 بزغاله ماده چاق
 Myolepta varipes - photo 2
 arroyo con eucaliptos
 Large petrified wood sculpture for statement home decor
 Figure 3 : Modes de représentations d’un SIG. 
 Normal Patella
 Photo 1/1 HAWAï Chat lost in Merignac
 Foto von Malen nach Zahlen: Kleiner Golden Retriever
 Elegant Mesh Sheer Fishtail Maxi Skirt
# # # # # # #
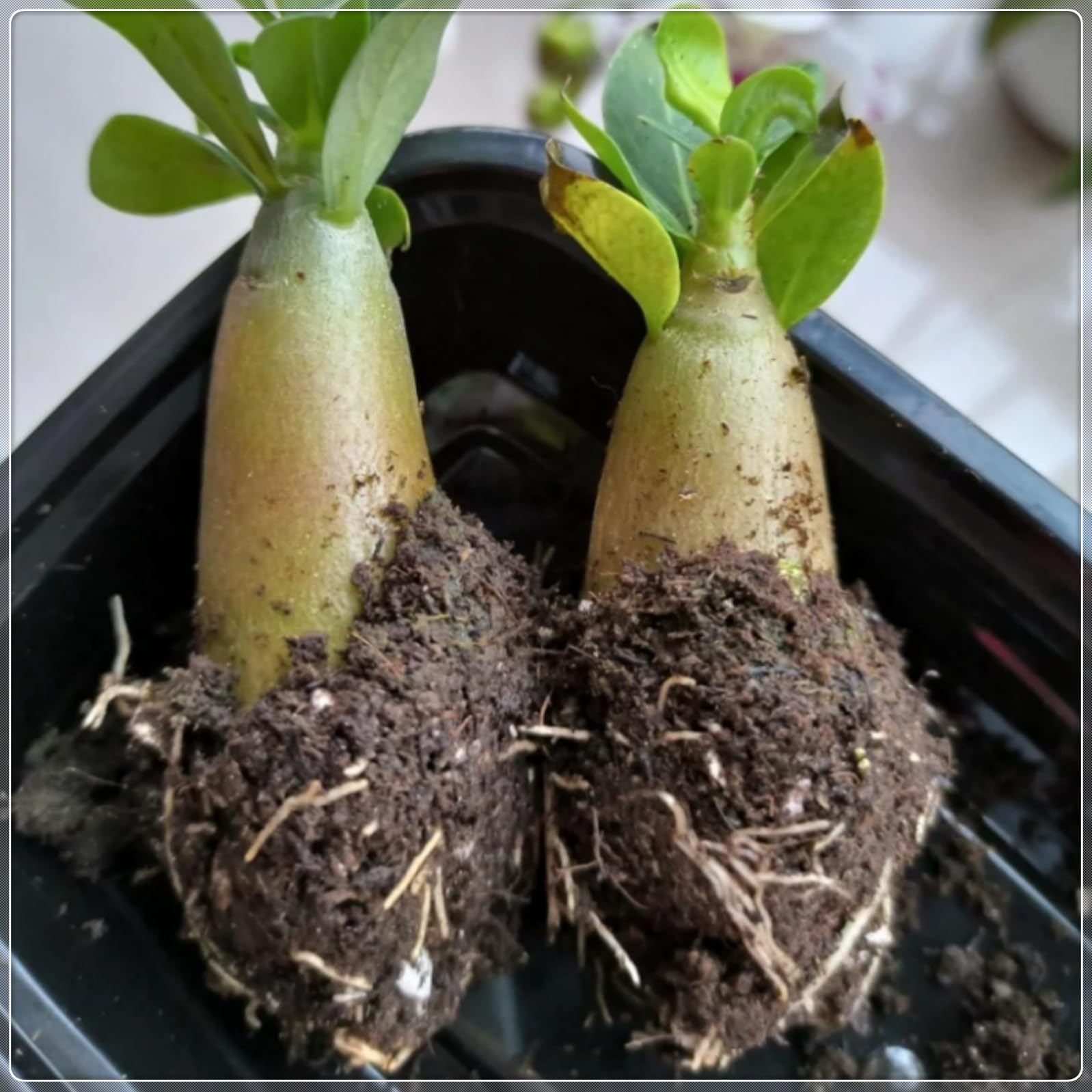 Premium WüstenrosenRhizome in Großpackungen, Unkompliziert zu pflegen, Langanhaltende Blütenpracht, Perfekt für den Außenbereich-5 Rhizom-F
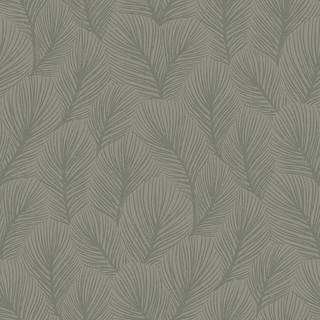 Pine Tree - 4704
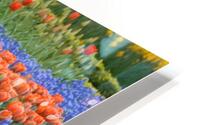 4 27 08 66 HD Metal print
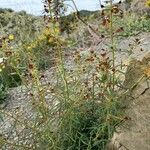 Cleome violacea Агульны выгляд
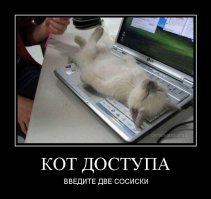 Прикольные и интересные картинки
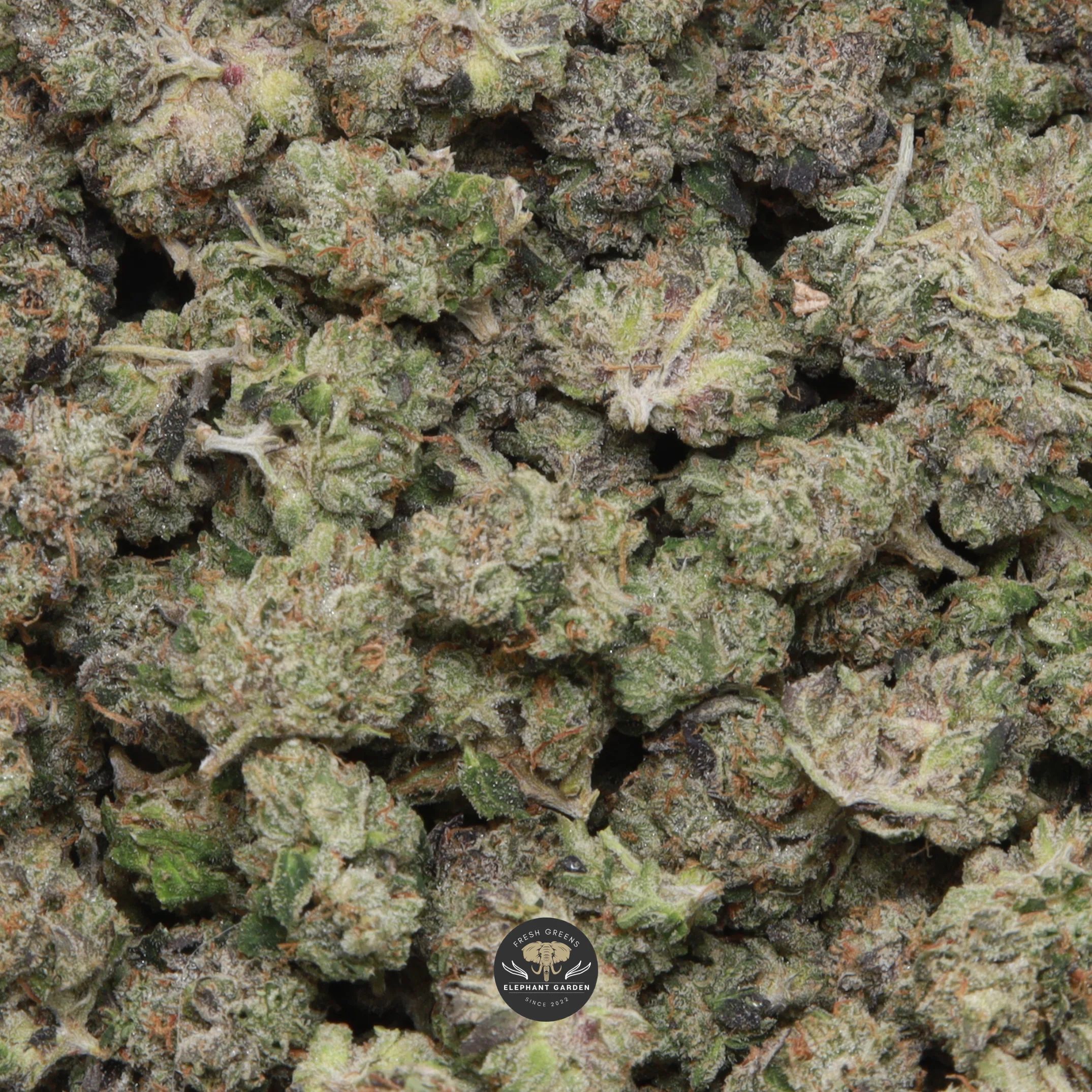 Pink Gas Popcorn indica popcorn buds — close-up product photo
# # # # # # #
Range to copy from the listing above: the line with "Cleome violacea Агульны выгляд" through the line with "Pink Gas Popcorn". Transcribe it exactly and skip the pictures.

• **ANSWER FOR THIS EXERCISE**
 Cleome violacea Агульны выгляд
 Прикольные и интересные картинки
 Pink Gas Popcorn indica popcorn buds — close-up product photo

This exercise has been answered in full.